В направлении самоутверждения отчим работал по-маленькому, двигался мелкими, но уверенными шажками. И добился-таки своего. Мне было велено отчима называть папой. Ну, почти велено, или как бы сейчас сказали, – настоятельно рекомендовано. Короче, было сказано – называть. Сказано убедительно, с заглядыванием просящих материнских глаз в мою большеглазую всхлипывающую голову. Этой настойчивости и заглядывания внутрь с лихвой хватило послушному младшекласснику, чтобы он всё усвоил, и как затраханная тренировками собачонка начал выполнять очередную команду: «Папа!».
Я попробовал. Сначала порепетировал в одиночку, закрывшись в туалете. Потом вполголоса позвал отчима, скомкав до «Пап…». Потом какое-то время даже заставлял себя, придумывая пустяковые поводы обратиться к отчиму: «Папа, а скажи… Папа, а дай… Папа, а чо это…». Для закрепления что ли, а формально – как подарок, к дню его рождения мы втроём (мама, старший брат и я) выпустили стенгазету «со стихами папе». Газету с его всеми двумя фотографиями повесили высоко-высоко, чтобы отчиму с его двухметровым ростом было удобнее читать, и даже расточительно включили свет во всей квартире. А я стоял под разрисованным листом ватмана, вдыхал запах клея и расслюнявленных цветных карандашей, и глупо улыбался… Самоутвердившийся отчим весь вечер победно улыбался и поправлял челку, – ох как красиииво он это делал, блядь, и к ночи наебенился в хлам.
С тех пор, пусть нечасто, но как-то уже само собой из меня выскакивало: «Папа». И ничего! Мир не разверзся.
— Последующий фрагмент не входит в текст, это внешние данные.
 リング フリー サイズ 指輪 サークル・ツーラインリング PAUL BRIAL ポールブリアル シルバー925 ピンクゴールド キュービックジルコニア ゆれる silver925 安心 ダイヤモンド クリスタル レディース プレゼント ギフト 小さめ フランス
Только вот нахуя это было нужно отчиму?! Я же так и остался для него чужим, а он так и остался для меня отчимом, и не случилось в нашей семье никаких американских хэппи-эндов с припаданием к груди, после которого эти двое – навсегда сын и отец, а мама на всё на это блестит уголками глаз, и – камера, и мотор, и зрители спешат за билетами, чтобы – снова, по второму кругу.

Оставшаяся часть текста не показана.